One to Two Trillion Dollars, eh?

The question you have to ask yourself is "In what way will this be more disastrous than Obama's Economic Stimulus Package?"

Good question.

According to a May 28, 2009 Fox News report, the U.S. is not prepared for such a storm.

Scientists at the 2009 Space Weather Enterprise Forum spoke of ...

... the legendary "Carrington Event," a series of magnetic storms from the sun that hit the Earth in August and September of 1859, disrupting telegraph lines across the U.S. and triggering auroras so bright they turned the night skies into day as far south as the Caribbean. The storm went on for days.
In 1859, that was inconvenient for the few people who regularly expected to send or receive telegrams, but other than that it was probably was only -- "interesting".

Even in 1959, almost every home in the United States had electricity, and there were few electronic system to demonstrate their vulnerability to "power surges".

There are lessons to be learned from these past events, the researchers emphasized, and the danger posed by solar storms is increasing.

This growing threat comes not from changes in the Sun, but from the increasing dependence of human societies on technology and electricity.

A storm on the scale of the Carrington Event could damage the U.S. electrical grid to such an extent that vast regions of the country could be without power for weeks, perhaps months.

Without electricity, drinkable water would soon be in short supply, as would fuel, food, communications and just about everything else society depends on to function.

An extreme solar storm hitting our modern, high-tech world would severely disrupt oil and gas supplies, emergency and government services, the banking and finance industry, and transportation. The cost of the damage could reach into the trillions of dollars, he said.short supply, as would fuel, food, communications and just about everything else society depends on to function.

"The consequences would be almost incalculable," said Daniel Baker, director of the University of Colorado's laboratory for atmospheric and space physics

New electrical systems are designed to be efficient, which is different from being robust and hardened against the effects of a solar storm.

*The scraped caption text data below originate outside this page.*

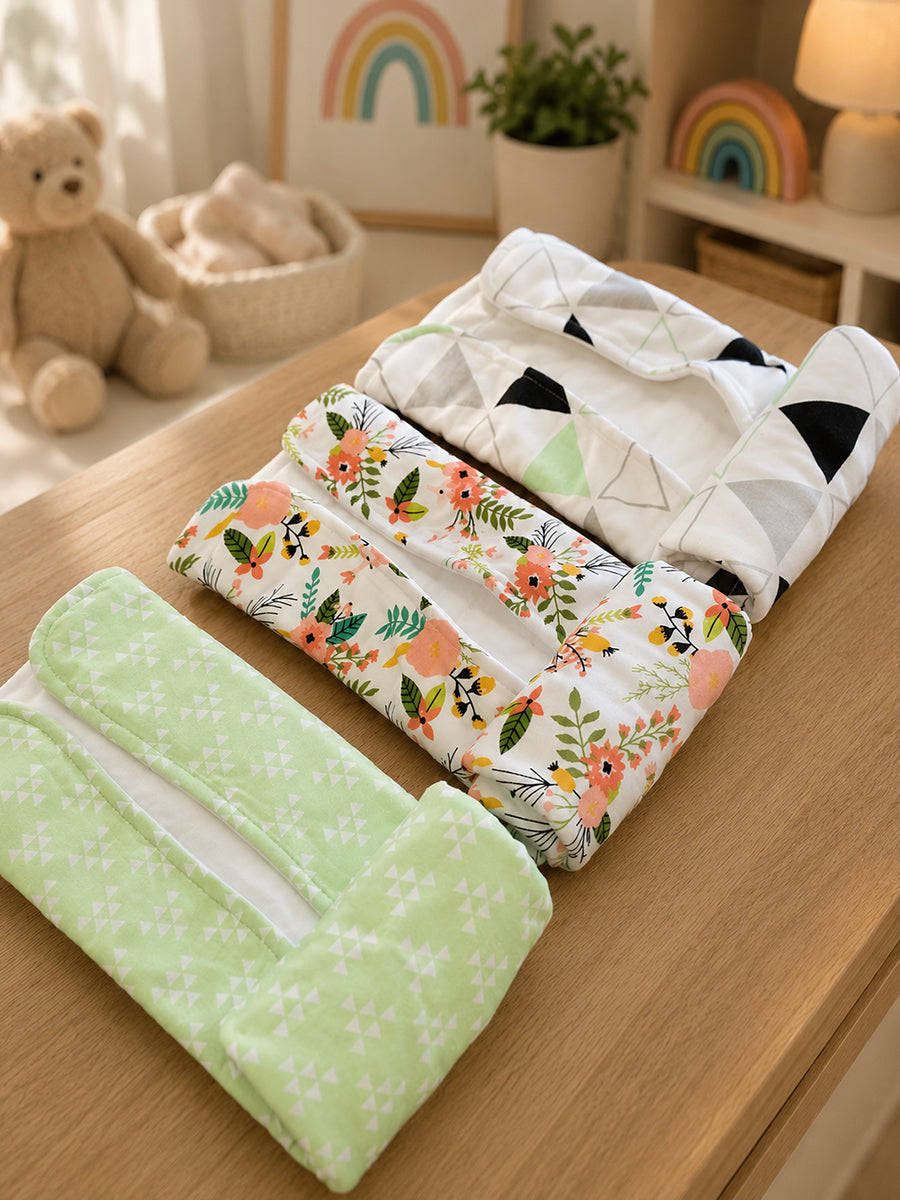 Ziva Premium Cotton Baby Burp Cloth – Soft, Absorbent & Multipurpose | Assorted Prints | 3 Pieces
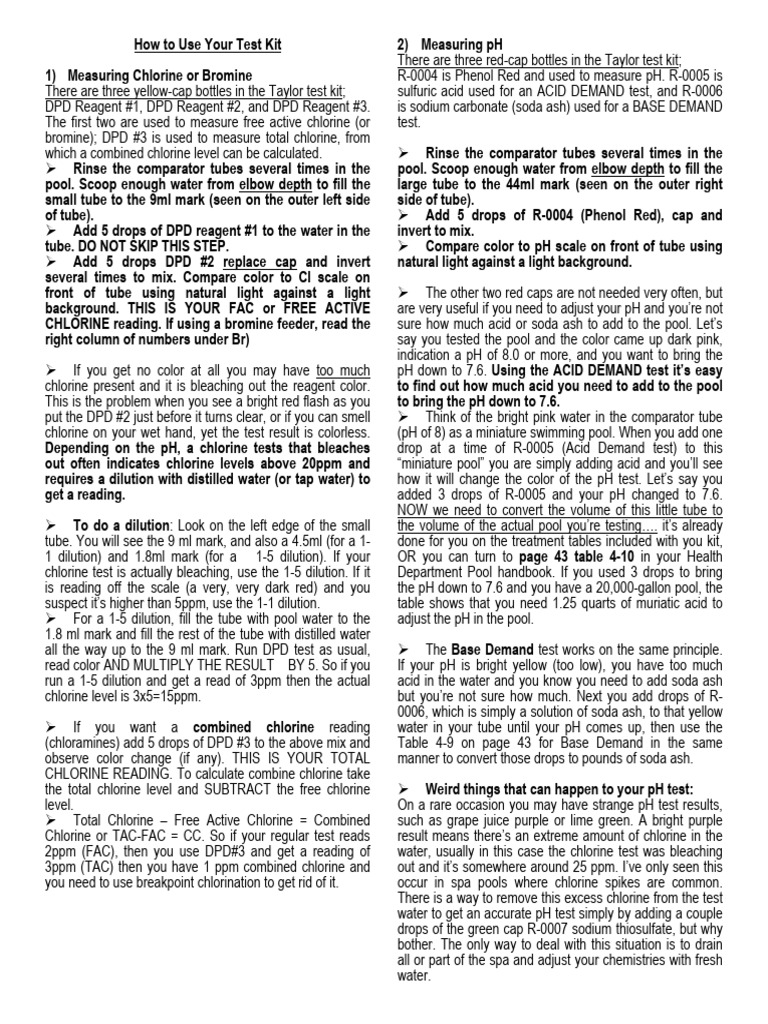 Pool Test Kit Usage Guide | PDF | Chlorine | Ph
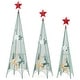 preview thumbnail 1 of 7, Costway Set of 3 Tower Shaped Christmas Trees (3ft/3.5ft/4ft) - See Details as pic shows - 3 Foot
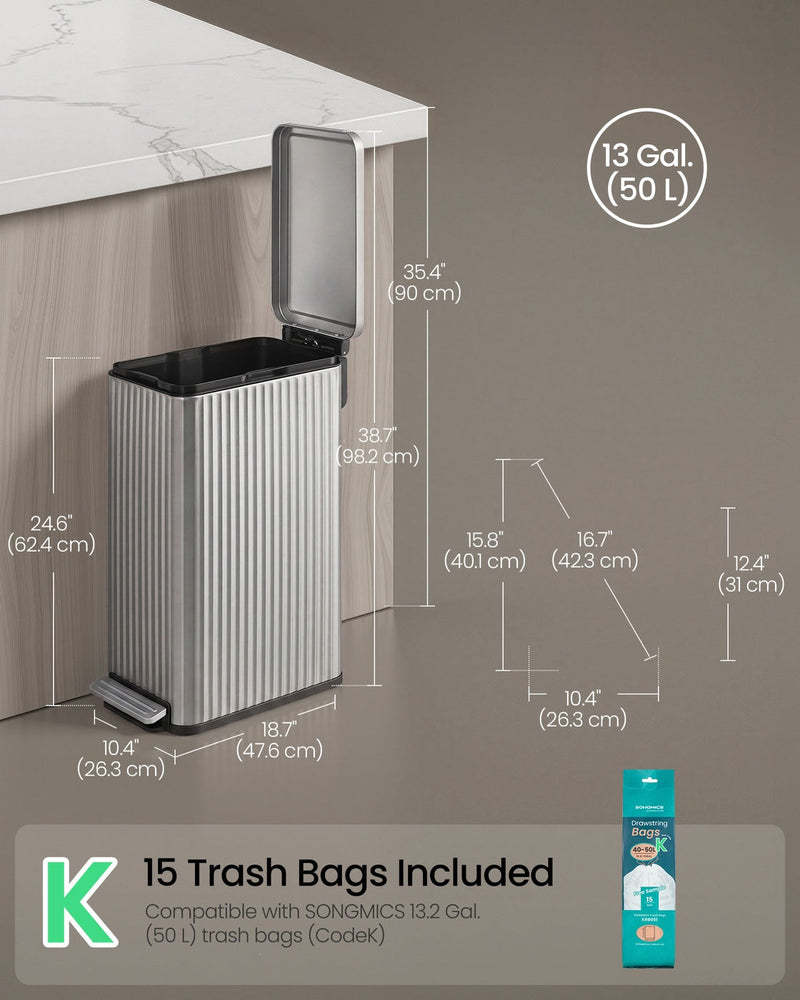 Labelled dimensions diagram for the Songmics 50 L pedal bin showing 26.3 cm width, 47.6 cm depth, 62.4 cm closed height and 98.2 cm with the lid open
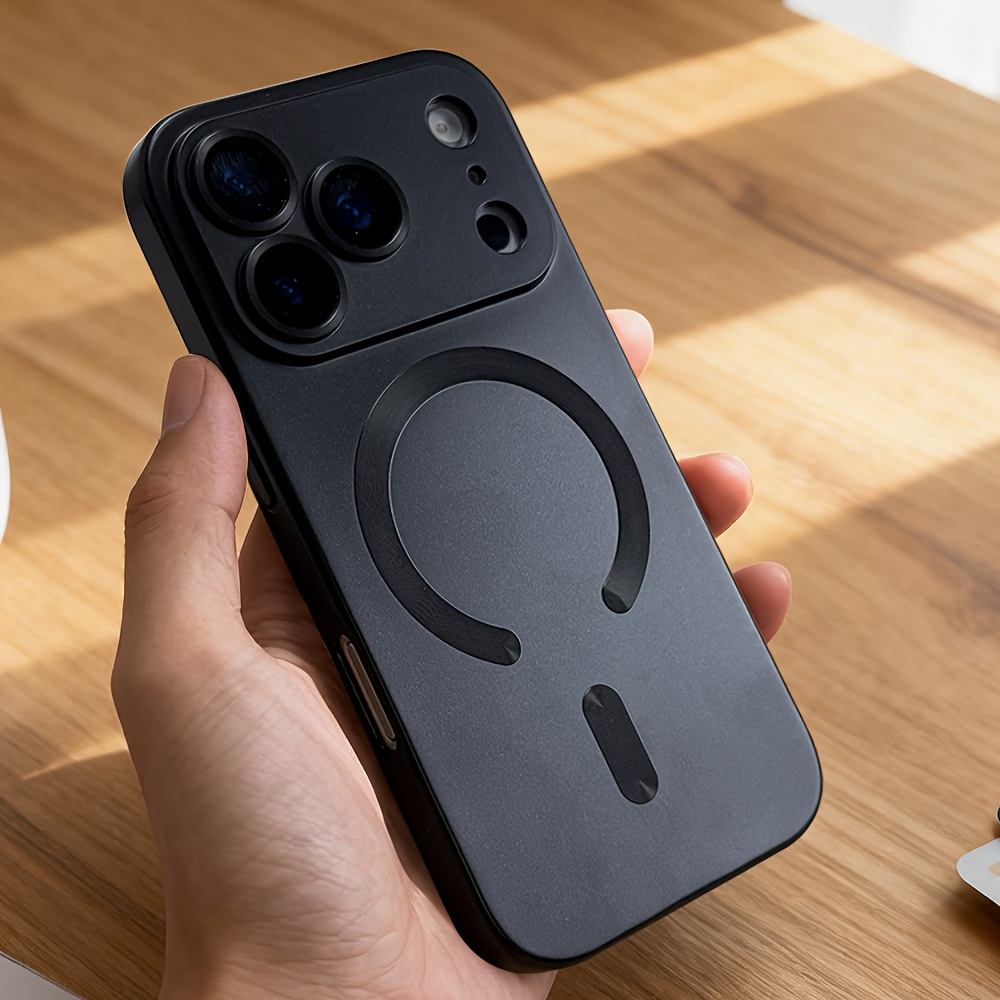 Image of Phone Case - Luxury Matte Magnetic Wireless Charging Phone Case Suitable For Iphone 17 Pro Max Air 16 15 14 13 12 11 Pro Camera Protection Shockproof Soft Cover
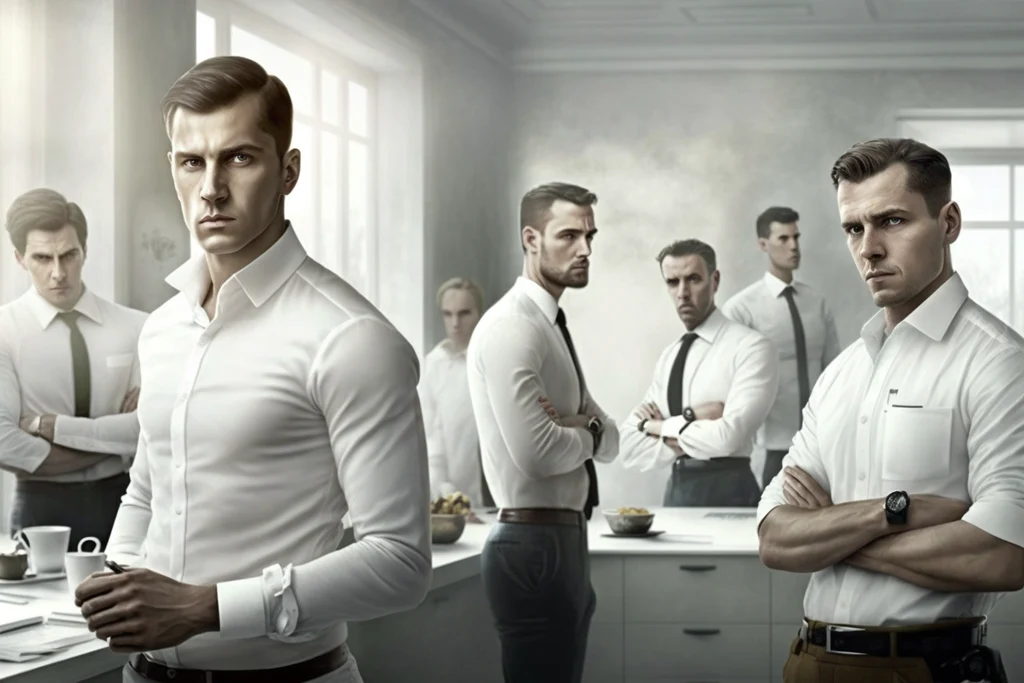 men at work in dress code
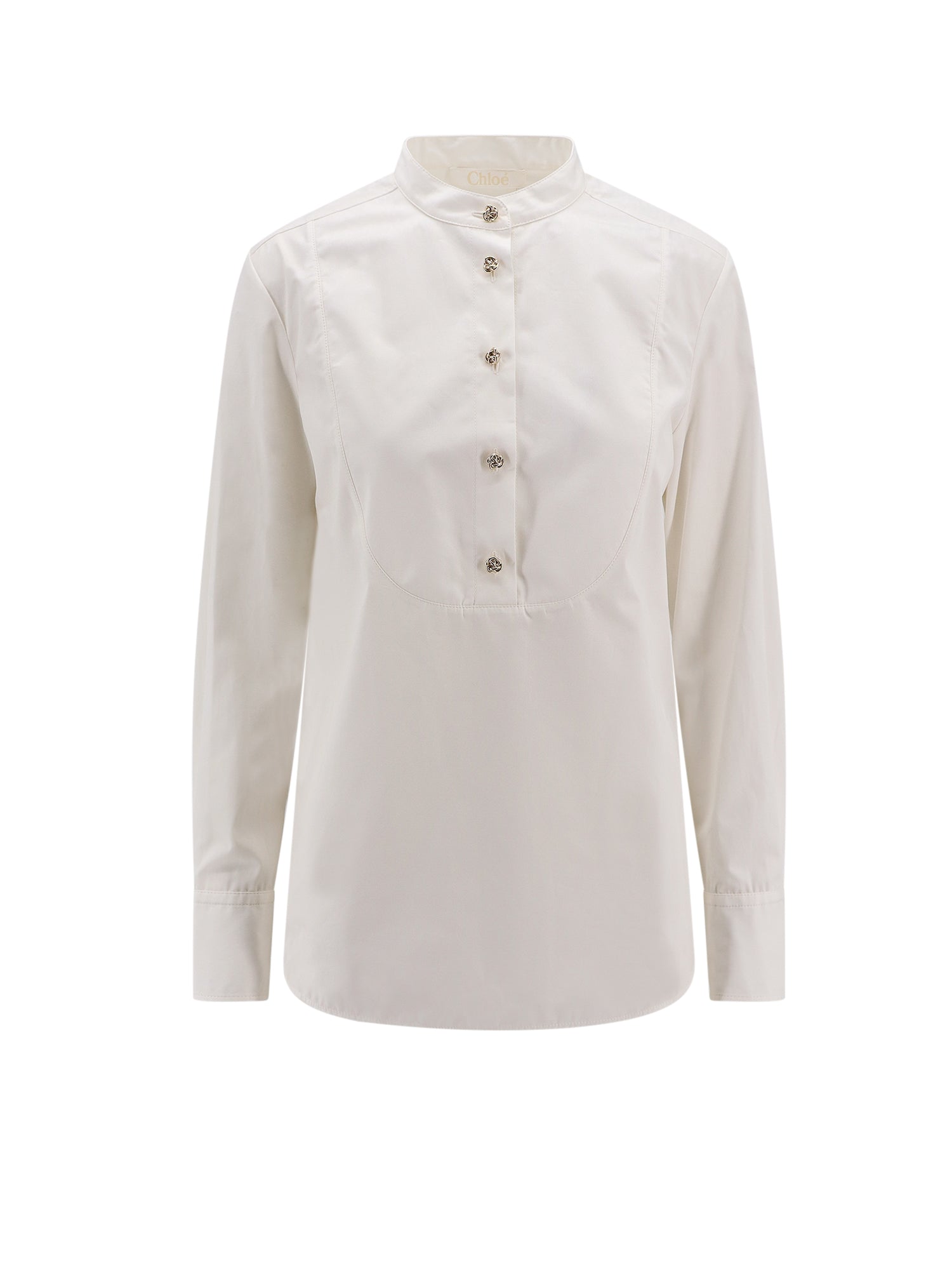 Chloé-Camicia in cotone con bottoni in metallo-Donna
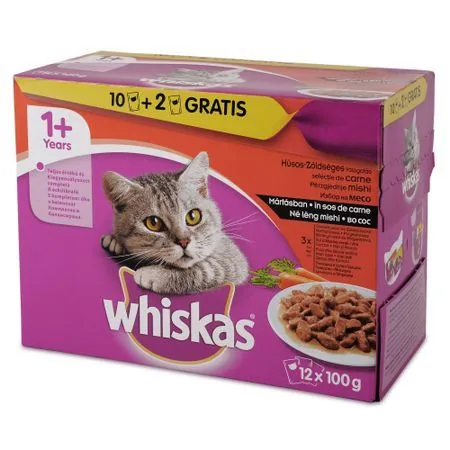 Hrana Umeda Pentru Pisici Whiskas Selectii Carne si Legume Adult 12x100g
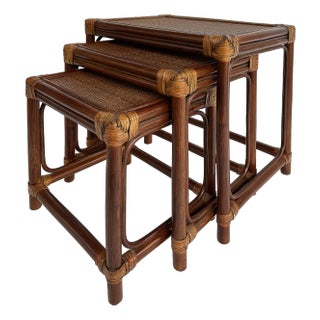 Set of 3 Vintage Rattan, Grass Cloth Nesting Tables, McGuire Manner For Sale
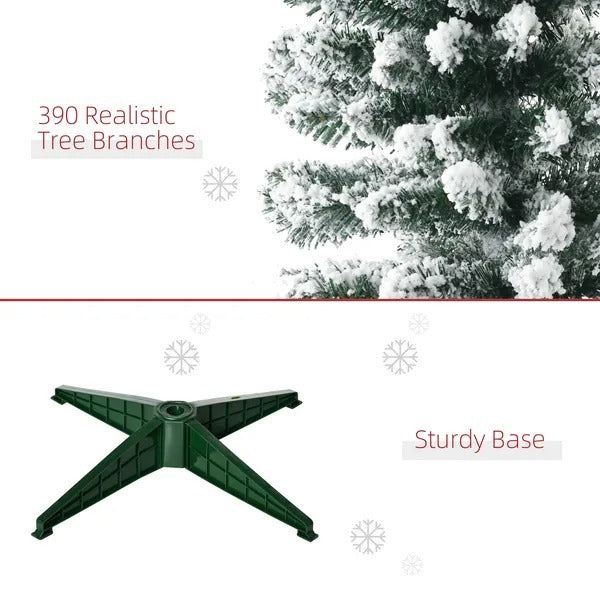 CA Local 6 ft Tall Pencil Artificial Christmas Tree, Holiday Decor With Snow Flocked Branches, Green
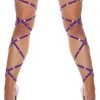 Roma Costume Purple Rhinestone Leg Wraps With Garters -Cheap Hosiery Store unnamed file 1890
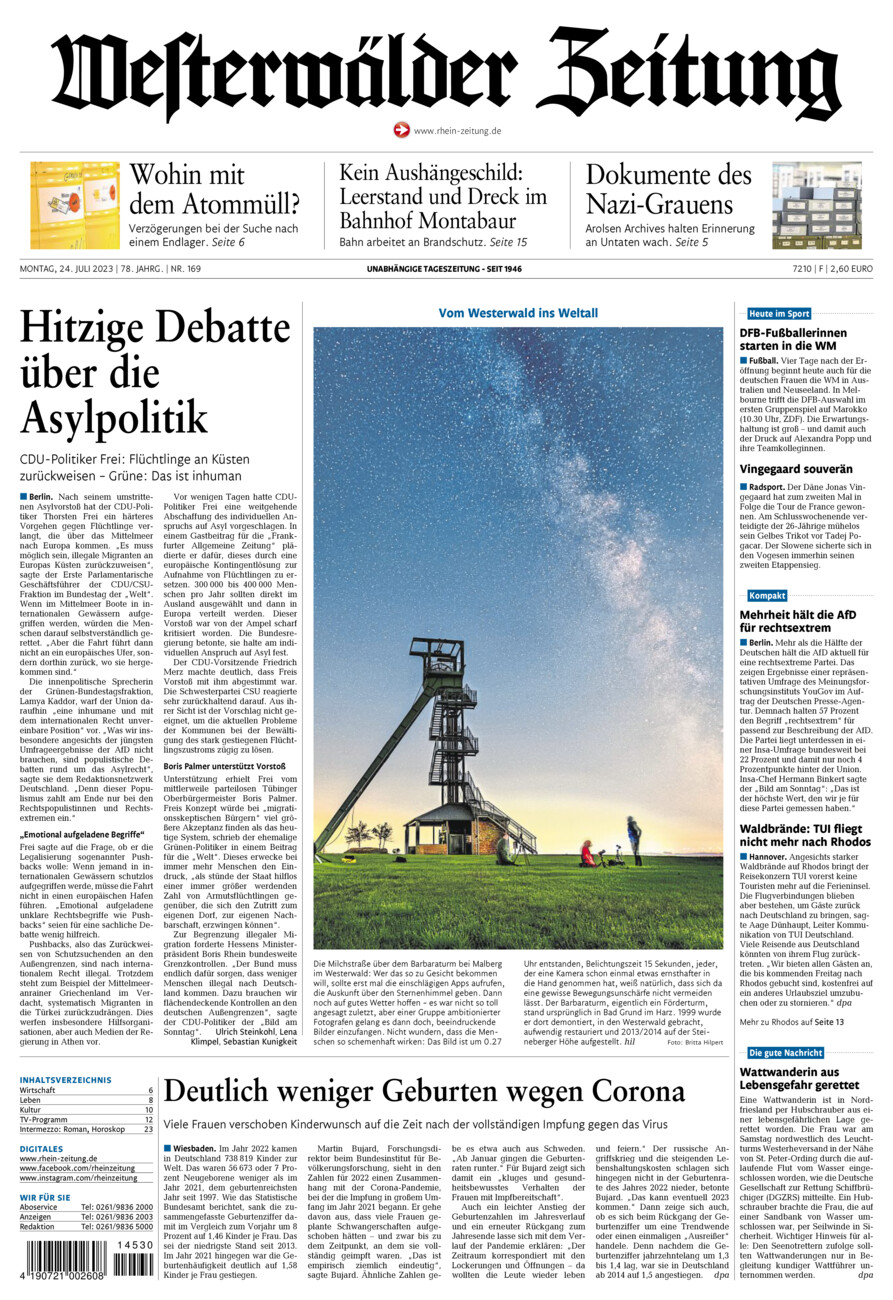 Westerwälder Zeitung vom Montag, 24.07.2023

"There is an efficiency-vulnerability tradeoff," said George Mason University social scientist Todd LaPorte, who studies critical infrastructures. "Sometimes efficiency isn't your friend."

Sounds almost like the effects of the ElectroMagnetic Pulse (EMP) generated by a nuclear device detonating in the atmosphere. Remember that television movie (The Day After) in the early 1980's, where Jason Robard showed us what it was like to be caught on the very fringes of a nuclear attack? Everybody's car died, and most of the people in them.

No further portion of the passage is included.